The film follows the adventures of Virginia (Jenny Wright), an employee of what is one of the greatest used book stores in all of film. Seriously, not only is it huge, but the books are just piled up all over the place in a seemingly intentional effort to make sure you’ll find something completely random and wonderful everywhere you look. All that and not a single discernible location for five thousand copies of best-sellers by political pundits. It’s everything a book lover could want a book store to be.

But anyway, our heroine (who completely pulls off the nerd glasses, it must be said) finds a horror novel that she swiftly devours, and learns that the author had only managed to write one other novel called “I, Madman” before retiring (as a fan of trashy 80s horror novels, I can vouch that a writer doing just one or two horror novels and then vanishing into the haze was not that uncommon at this time).
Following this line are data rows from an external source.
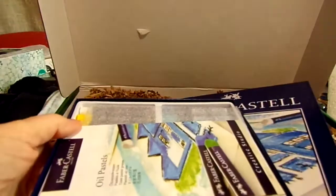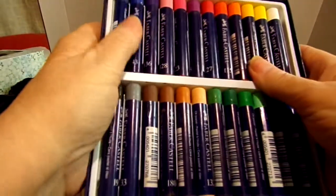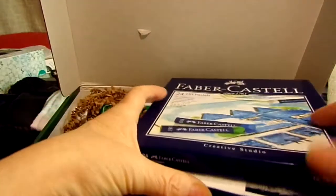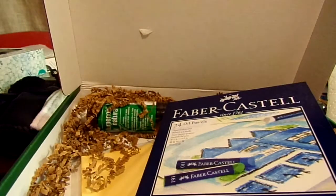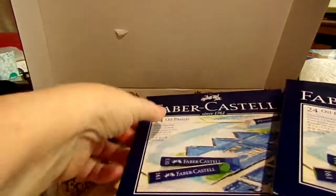Since these are oil pastels I am not going to do swatches. These are pretty colors but there are 24 of them and I'd run out of time. I will swatch them before I use them though. That is some strong scent! There we go — I like the nice little box these come in. These will join my other oil pastels.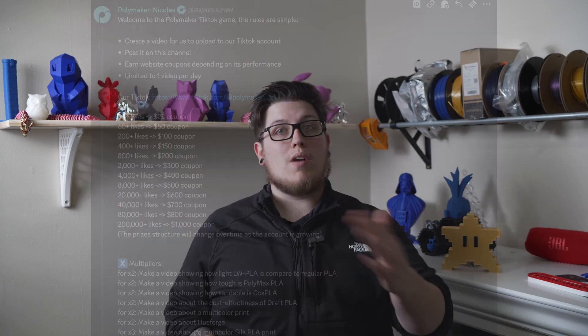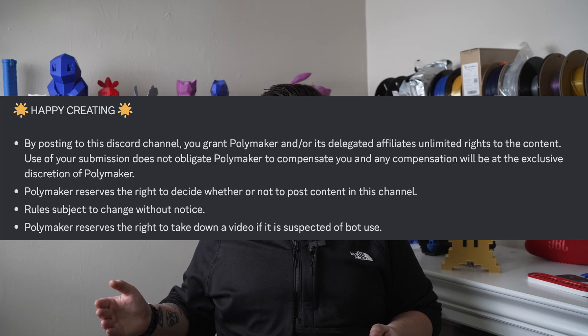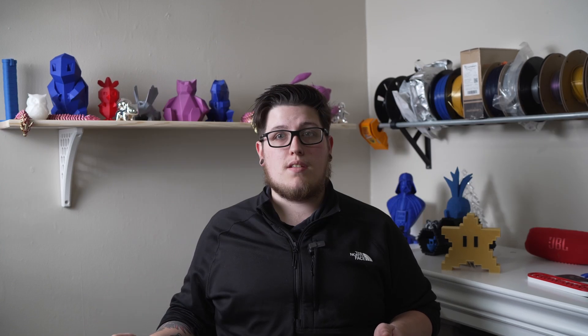It's super fun to scratch that creative itch. Right now we're showing you the rules for the Polymaker game on screen. Basically it's really simple: 3D print something cool in Polymaker filament, upload a video with your title, description, any relevant hashtags, and they'll upload it for you. Just make sure you follow the rules and look at all of the cool gift cards you can get based off of video likes. It's not super difficult to earn a lot of filament for not a lot of your time. We'll have the link for the Polymaker Discord in the description.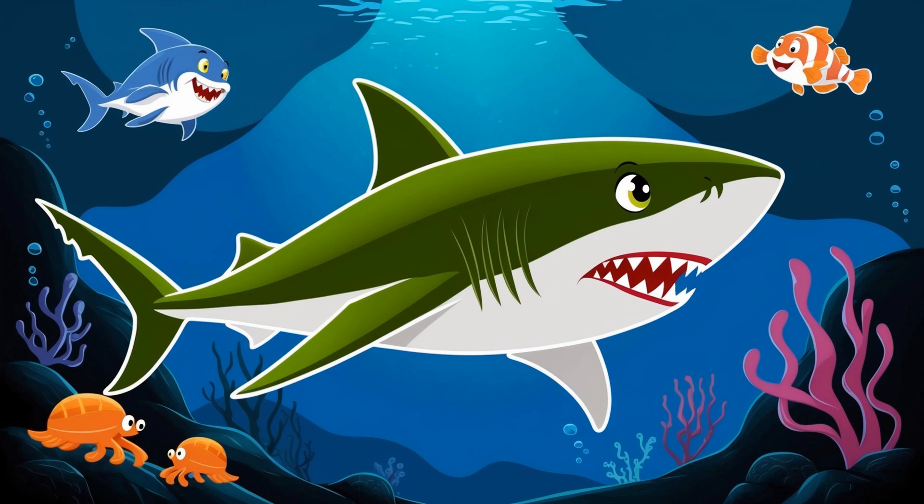Welcome, deep-sea explorers. Today we're meeting one of the most unusual sharks in the ocean, the goblin shark. With its long snout and unique jaws, this shark is a real deep-sea mystery. Let's dive in and learn 10 fun facts about goblin sharks.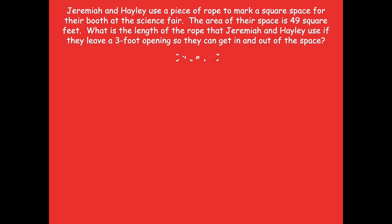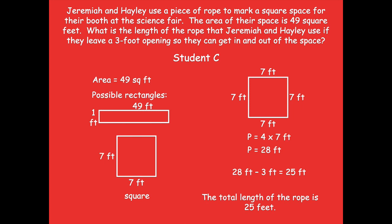Let's jump into Student C. Here is Student C and this is how they solved this problem. Now you're going to pause the video, fill out the chart on your problem set for Student C, and then click play when you're done.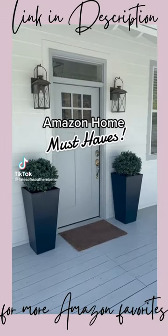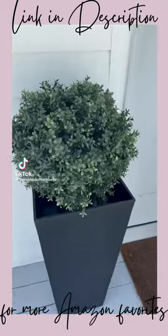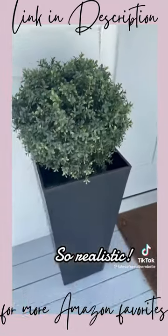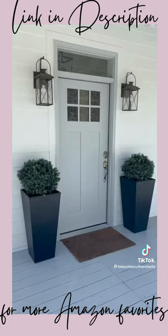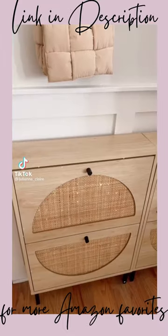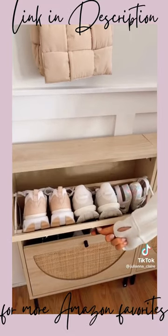One of my favorite Amazon purchases are these faux boxwood topiaries. They look so realistic — I've had multiple people tell me how nice the plants on my front porch are. And they're crazy affordable as well.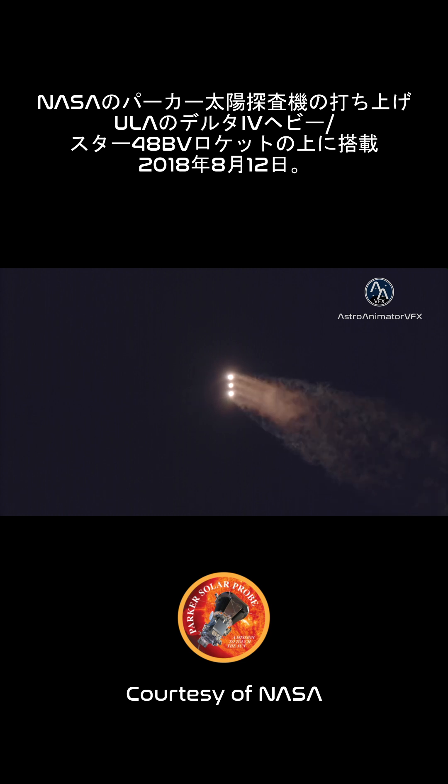1 minute 30 seconds into flight. Starboard booster engines continue to look good in the full thrust mode. Core booster looks good in the partial thrust mode.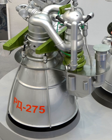RD-275 – Grau Index 14D14, serial production for the Proton-M first stage. RD-253 with increased thrust by 8%. RD-275M, also known as RD-276 – Grau Index 14D14M, serial production for the Proton-M first stage; an improved RD-275.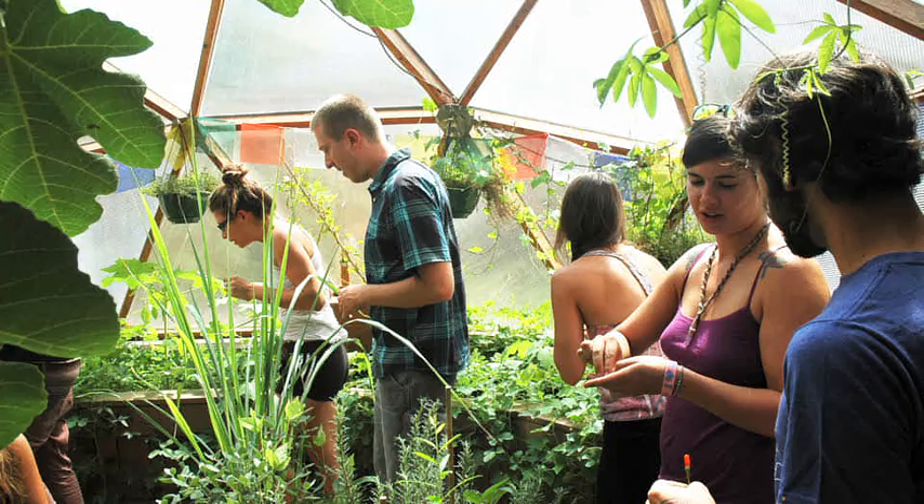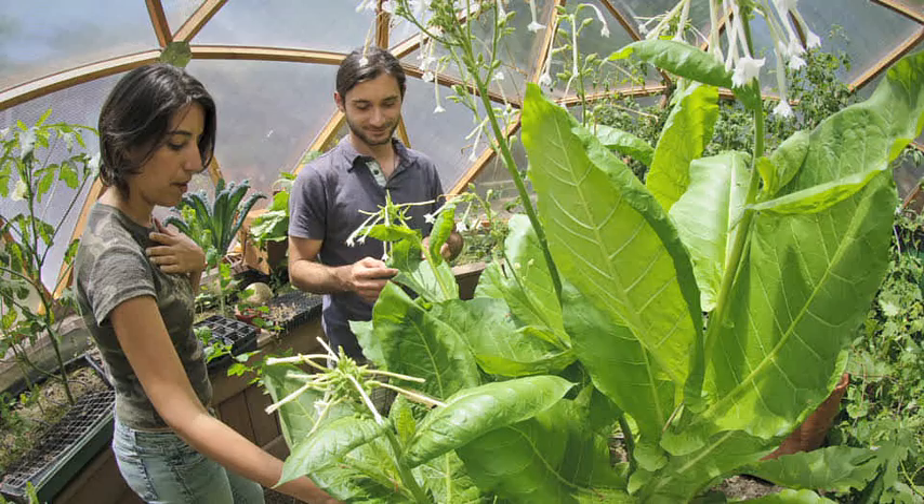This class is called Permaculture Design. All of these students have completed Introduction to Permaculture. Permaculture Design, for those who do not know, is an ecological design system for the development of sustainable human communities. If we can design systems that grow ecosystems and grow the potential for ecosystem health — the health of watersheds, forests, agricultural systems — we're in a far better place than if we just say let's shoot for being sustainable.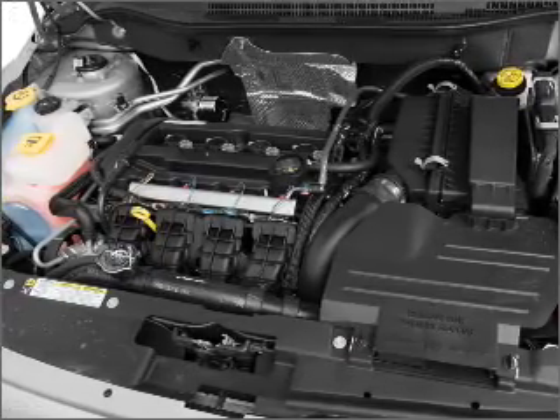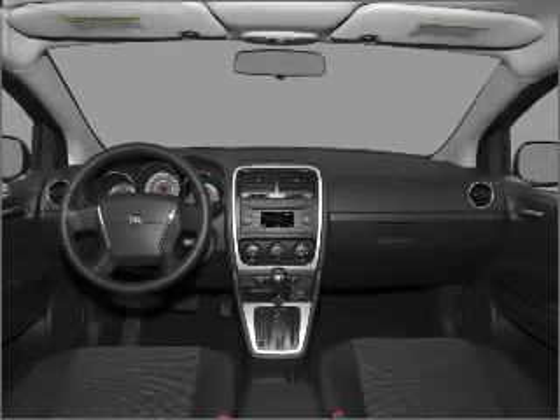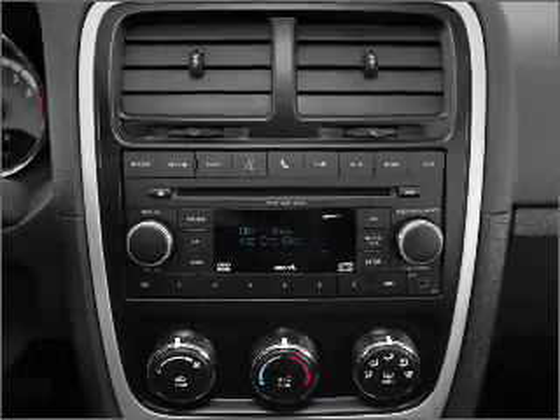Air conditioning, power door locks, power windows, power steering, cruise control, power mirrors, an AM FM stereo with a CD player, an adjustable tilt steering wheel. Call today to schedule a test drive.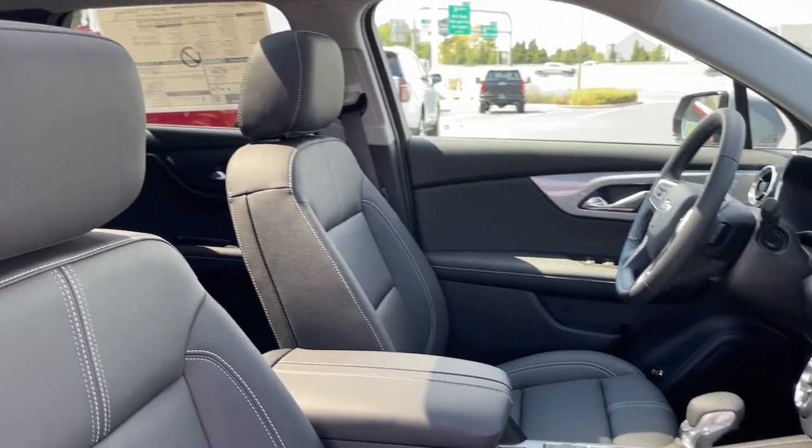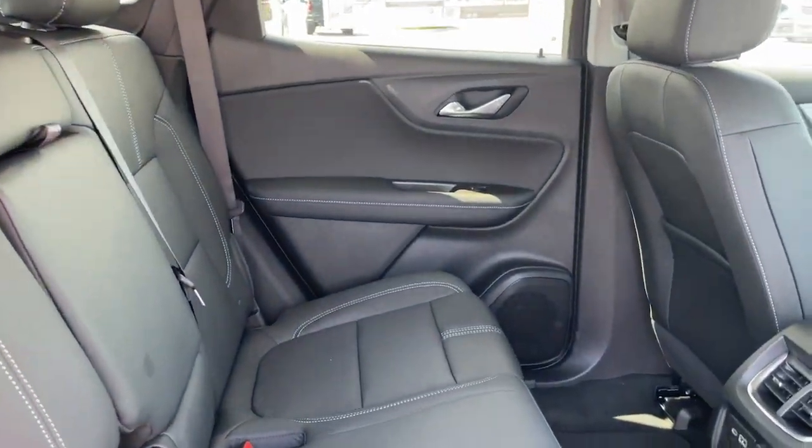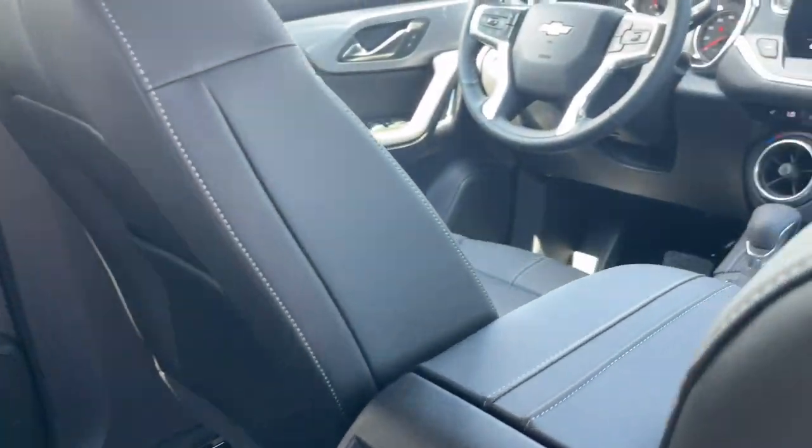In this sharp looking Blazer, see for yourself when you take it out for a test drive. Our professional staff looks forward to giving you excellent service.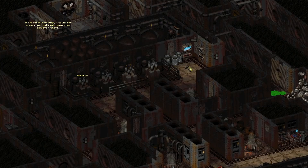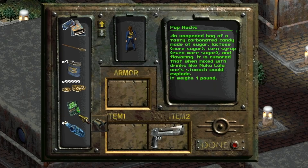Killap's restoration project adds most of, if not all, the cut content back into Fallout 2, allowing us to explore the EPA and find the various items removed from the final vanilla game. One of the unique items we can see is a bag of Pop Rocks.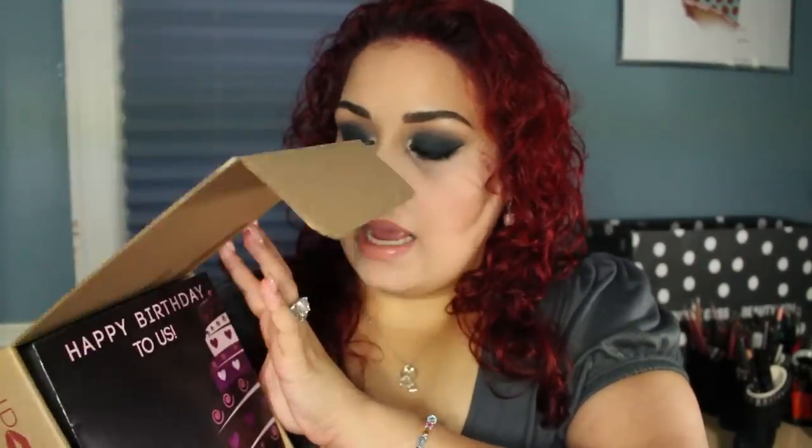I actually opened the box — I'm going to go ahead and open it up and show you guys. I haven't swatched anything but I did open the box and saw some things that intrigued me. This is how it comes, and it is happy birthday to us — it is their second birthday. So happy birthday Lip Factory.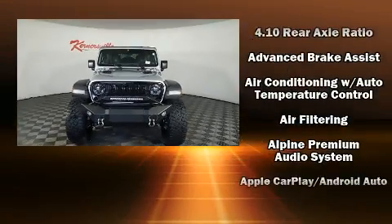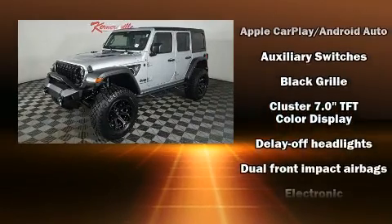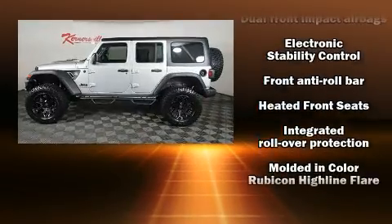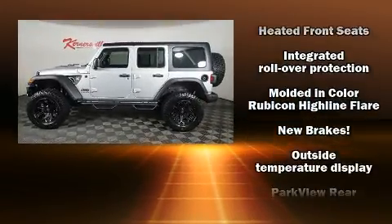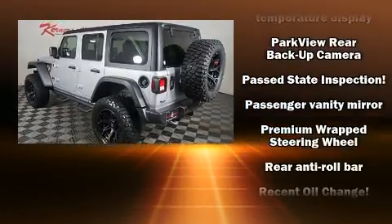You can expect a lot from the 2024 Jeep Wrangler. Jeep infused the interior with top-shelf amenities such as front and rear reading lights, a tachometer, a trip computer, an outside temperature display, skid plates, and much more.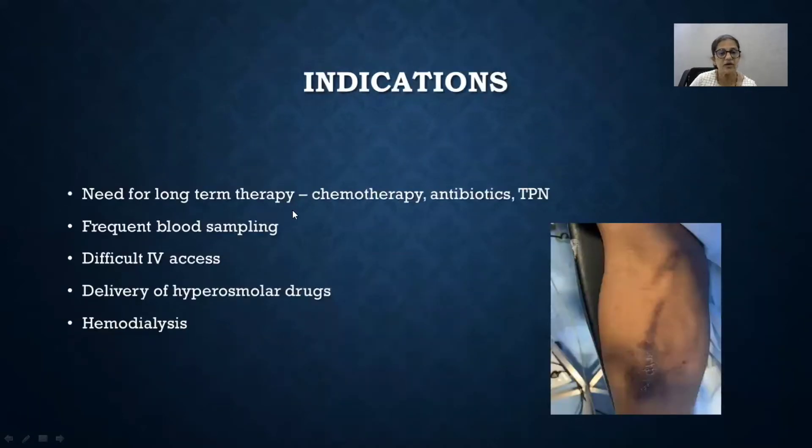Why do we need long-term access? You need to give drugs for the long term — for example, antibiotics, antifungals, chemotherapy, or total parenteral nutrition. The lines can also be used for frequent blood sampling, when IV access is difficult, or for delivery of hyperosmolar drugs.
Using her used bookstore connections to sort of track down a copy (someone leaves it outside of her apartment, but her only co-worker claims not to have done it), but she discovers that each time she reads about a murder, the book’s killer seems to actually appear in real life and kill someone in the same way as in the book. Can she convince the police of the killer’s supernatural origins in time to avoid the fate of the heroine in the novel?

The killer is completely awesome. He looks like a combination of Frankenstein’s monster and the Phantom of the Opera, with an origin story where he cut off his ears, nose, lips, and hair, and is now going about killing people and replacing his missing parts with theirs. There’s also another killer from the first book that’s just a straight up stop-motion animated monster, recalling director Tibor Takacs previous film The Gate. While the kill scenes are fairly bloody (especially for the late 80s, when the MPAA seemed to be spending most of its time making horror movies remove every trace of blood if they wanted an R rating), the film keeps it light by making everything hyper-stylized, giving us a great many shots of a backlit killer with fog swirling all around him, often even when he’s indoors. We also get some great scenes like the opening, where she’s in her room reading at night with lightning crashing outdoors and her one sad lamp casting spooky shadows all over her apartment. It’s like a throwback to a time when horror movies were a bit more innocent, and tried to focus on fun above all else.

Further, while this may not be the best film I review this month (or even this week, what with House of the Devil and Hour of the Wolf), I can guarantee it will be the cheapest, with it’s suggested retail price sitting at a tremendous $3.98. That’s the kind of deal you’d be a fool to pass up. You don’t want to be thought of as a fool, do you?